The Mudcat Café TM
Thread #65261   Message #1074177
Posted By: The Fooles Troupe
16-Dec-03 - 09:16 PM
Thread Name: Learning the Guitar.
Subject: RE: Learning the Guitar.
I don't normally have a lot of respect (as I've been saying in others thereads recently) for anonymous posters - but I will go along with this statement wholeheartedly...

"beware of teachers. They have a self-serving agenda in wanting you to take lessons from them (that is, to put money in their pocket), and... if they don't know what you want to learn, they will try to convince you that what you want to know isn't worth the effort and you should be learning what they know (unless you want to play classical or jazz, then teachers of are some utility, because most of them cut from the same pattern)."

There are a FEW teachers who are not of this type - but you don't know they whether they are as GUEST says until it is too late - you have paid money to be steered in a direction which you didn't know you didn't want to go until you didnt get to where you should have gone... :-)

I upset my first music piano and singing teacher by getting second prize in a eisteddford - she had said that I was one of her "worst students" - may father had said that I was a "natural", and he was right - but not in front of small audiences - the bigger the crowd the less nervous and more confident I am...

While the "self taught" path may produce interesting results - it can also produce disasterous results. I know of a violin player who had saved his money all year to travel to Brisbane (the "big smoke") from a country town with no violin teacher (or one considered good enough!) for his 2 weeks vacation every year. Here he went to the Conservatorium Of Music and studied hard - then went back home and diligently practiced bad technical habits all year.

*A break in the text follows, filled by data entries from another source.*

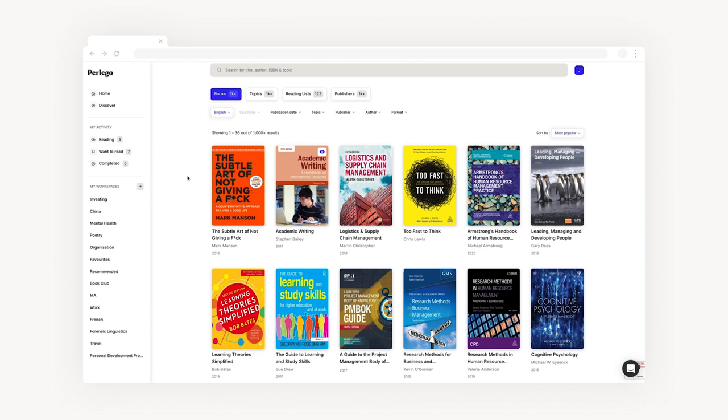In the last section of the sidebar you'll see My Workspaces. If you're working on a project, researching for a module, or revising for an exam, a workspace allows you to collate a range of resources all in one place.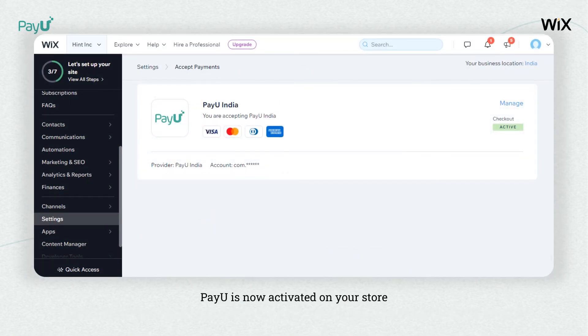Now your Wix store is successfully powered by the PayU app. You can accept payments from credit cards, debit cards, UPI, EMI, wallets, net banking, and more.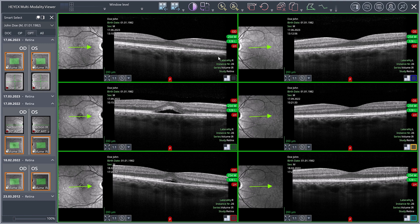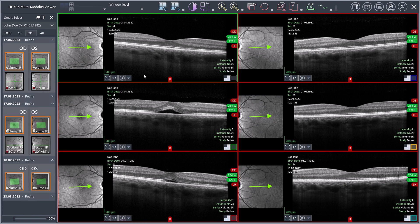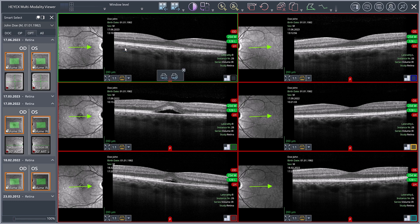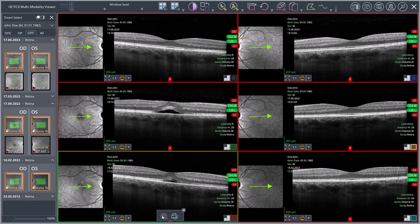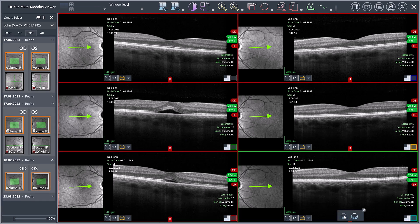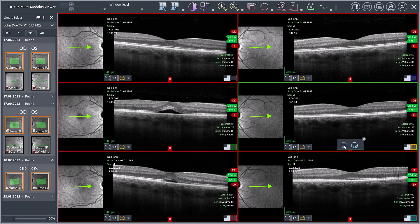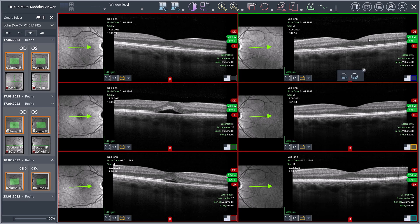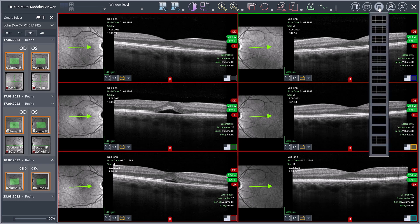You also have the option of printing a selection of the images displayed in the Multi-Modality Viewer. Click the small arrow in the quick access toolbar of any viewport and select Print to activate the print tool. Hover the mouse pointer over the viewport containing images to be included in the printout and click the printer button on the left. Click the print layout button in the ribbon bar to select the appropriate print layout.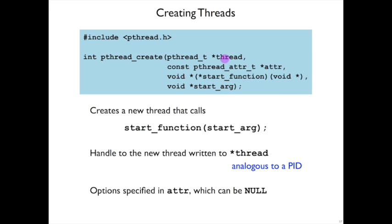This thread argument here is going to be filled in with a thread identifier. And the attributes argument we won't really talk about. We just set it to null to mean the default attributes of a thread.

He could not bow a piece consistently - there are good reasons for consistent bowing - legato phrasing and so on - and could NEVER go cleanly from note to note - my father joking said that he was the only player he had ever known who could slide an open string!

Now this guy thought he had been trained as a "Classical Musician" and loved "Classical Music" but he had a technique that would not have been out of place in "Folk Music"... but since he could rarely go from note to note cleanly, there was always something "odd" - it was not unlike those deadly "School Bands" which always sound "out of tune and time".

He had several very expensive instruments - but seemed a shame - because he always felt that the problem with his playing was that the instruments were not good enough - thus he bought better and better instruments - but like Sidam (Midas in reverse!) musically, everything turned to shit in his hands!